Why do we need to relax?
High levels of stress, worry, anger, fear are bad for our mental and physical health. Examples of the most significant problems are:
Heart disease - Stress can directly increase heart rate and blood flow, and causes the release of cholesterol and triglycerides into the blood stream. It's also possible that stress is related to other problems -- an increased likelihood of smoking or obesity , excessive drinking which indirectly increase the heart risks.
Asthma. Many studies have shown that stress can worsen asthma. Some evidence suggests that a parent's chronic stress might even increase the risk of developing asthma in their children. One study looked at how parental stress affected the asthma rates of young children who were also exposed to air pollution or whose mothers smoked during pregnancy. The kids with stressed out parents had a substantially higher risk of developing asthma.
Obesity. Excess fat in the belly seems to pose greater health risks than fat on the legs or hips -- and unfortunately, that's just where people with high stress seem to store it. "Stress causes higher levels of the hormone cortisol," says Winner, "and that seems to increase the amount of fat that's deposited in the abdomen."
Diabetes. Stress can worsen diabetes in two ways. First, it increases the likelihood of bad behaviors, such as unhealthy eating and excessive drinking. Second, stress seems to raise the glucose levels of people with type 2 diabetes directly.
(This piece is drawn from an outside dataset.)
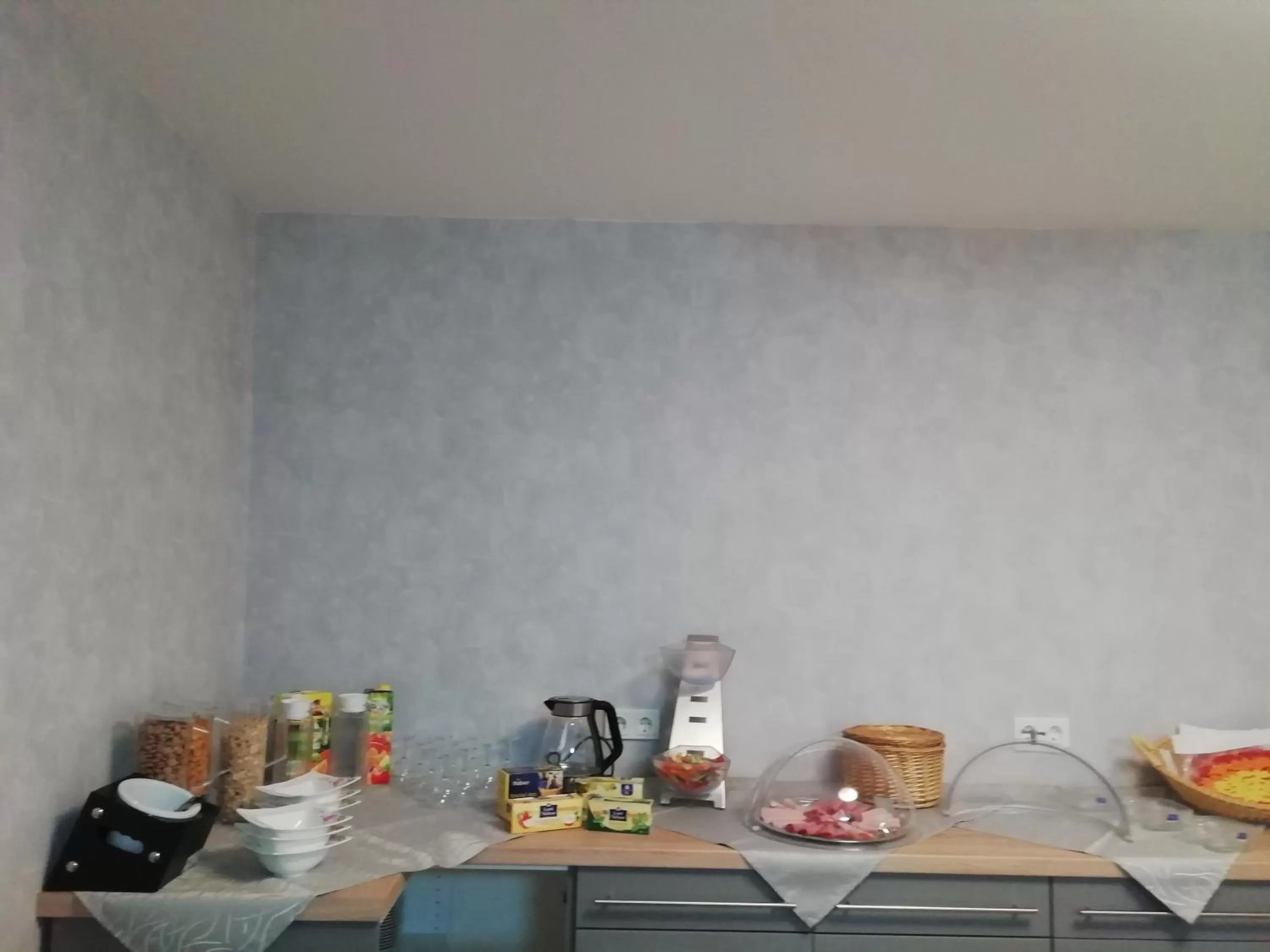 Breakfast in Gästehaus - Café Frank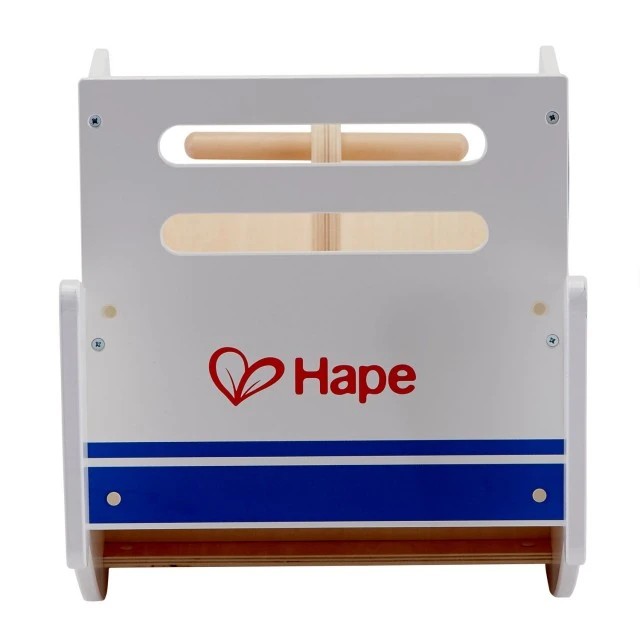 Childrens wooden swing boat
Headaches. Stress is considered one of the most common triggers for headaches -- not just tension
Depression and anxiety. It's probably no surprise that chronic stress is connected with higher rates of depression and anxiety. One survey of recent studies found that people who had stress related to their jobs -- like demanding work with few rewards -- had an 80% higher risk of developing depression within a few years than people with lower stress.
Gastrointestinal problems. Stress is also a common factor in many other GI conditions, such as chronic heartburn and irritable bowel syndrome (IBS),
Alzheimer's disease. One animal study found that stress might worsen Alzheimer's disease, causing its brain lesions to form more quickly. Some researchers speculate that reducing stress has the potential to slow down the progression of the disease.
Accelerated aging. There's actually evidence that stress can affect how you age. One study compared the DNA of mothers who were under high stress -- they were caring for a chronically ill child -- with women who were not. Researchers found that a particular region of the chromosomes showed the effects of accelerated aging. Stress seemed to accelerate aging about 9 to 17 additional years.
How can a feeling have all this negative impact on our body?
Stress isn't only a feeling in your body or a way of thinking that is unpleasant. It's a built-in physiologic response to a threat. When you're stressed, your body responds. Your blood vessels constrict. Your blood pressure and pulse rise. You breathe faster. Your bloodstream is flooded with hormones such as cortisol and adrenaline. Your sympathetic neverous system is activated. This physiological process is useful when under physical threat but in our modern lives fighting or fleeing won’t usually resolve the problems and therefore the feelings don’t always dissipate easily.
Solution : Learning to relax
While the number of health problems related to stress might be alarming, don't despair. Learning to relax deeply, thereby activating our “parasympathetic nervous system” can hugely reduce the stress you experience.
You life may be extremely busy and you find yourself thrust into highly stressful situations on a regular basis and you cannot remove the stressful things in your life but you can learn to use relaxation to change how you respond to them thereby reducing the symptoms of stress and its negative long term effects.